Partout sur le territoire, de Washington à Minneapolis, des millions d'Américains ont répondu présent, épaulés par ces célébrités engagées qui ont diffusé leur message au cours de manifestations. Selon les chiffres communiqués par l'AFP, "No Kings" a réussi à rassembler 8 millions de personnes pour cette troisième journée de protestation.
À Washington, au Kennedy Center, Jane Fonda a fédéré autour d'elle plusieurs artistes à travers la structure "Artists United for Freedom". Elle a réaffirmé son engagement à défendre le Premier amendement, en préservant le droit des Américains à exprimer leurs opinions.

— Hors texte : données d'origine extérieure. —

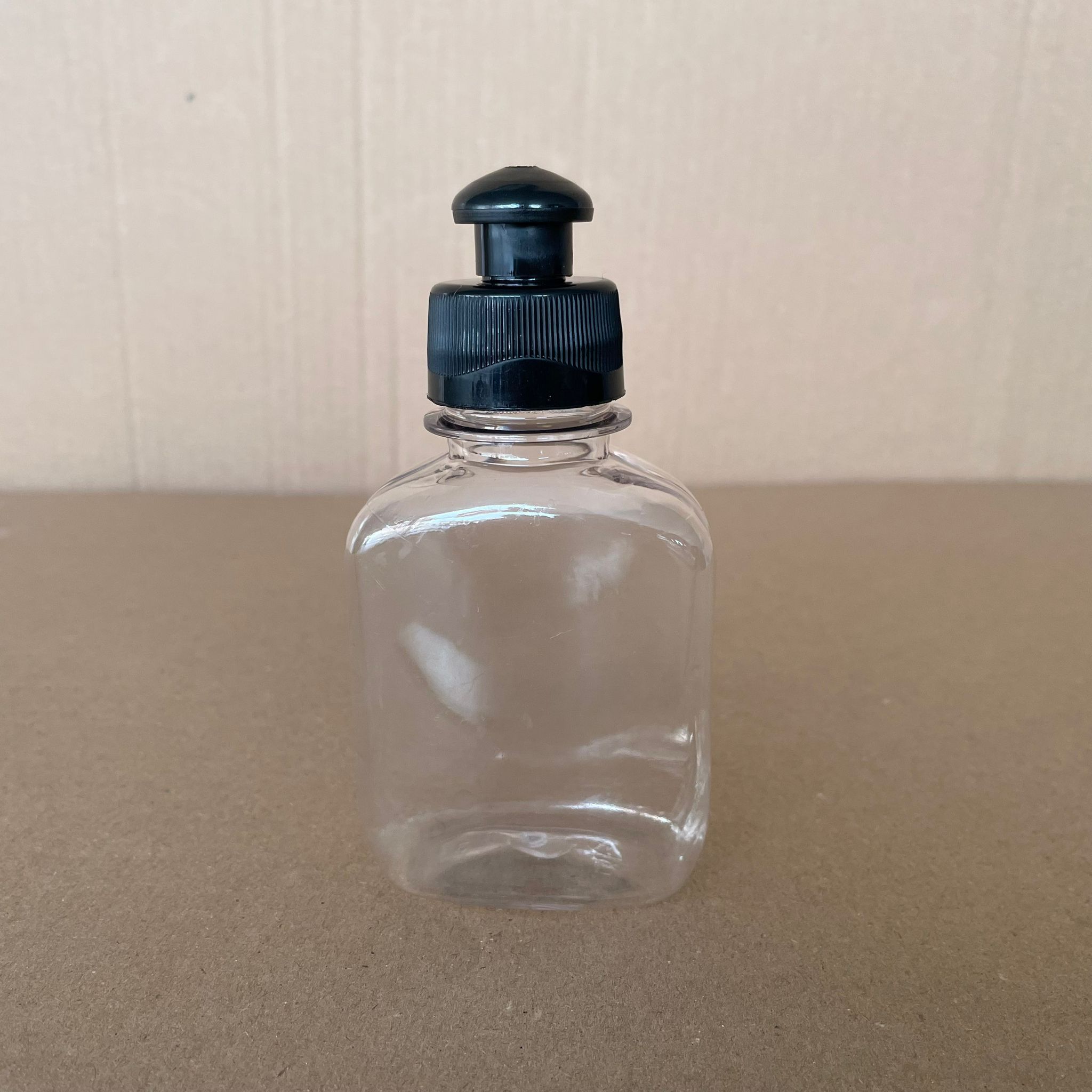 100 Cc Yassı Pet Şişe - Siyah Push Pull Kapaklı - 100 Ml Pet Şişe Kalın (15 Gr)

Fonda, qui avait relancé le Comité pour le Premier amendement l'année dernière, souhaite renforcer la résistance à l'administrateur actuel, s'inspirant de l'héritage de son père, Henry Fonda, qui avait lutté pour des causes similaires à l'époque du maccarthysme.
"Le droit de contester est indispensable dans une démocratie", a déclaré Fonda lors d'un discours, soutenue par d'autres artistes qui partagent cette vision. Le mouvement continue de gagner en traction et en notoriété, mobilisant des voix influentes qui espèrent éveiller les consciences sur les dérives perçues du gouvernement.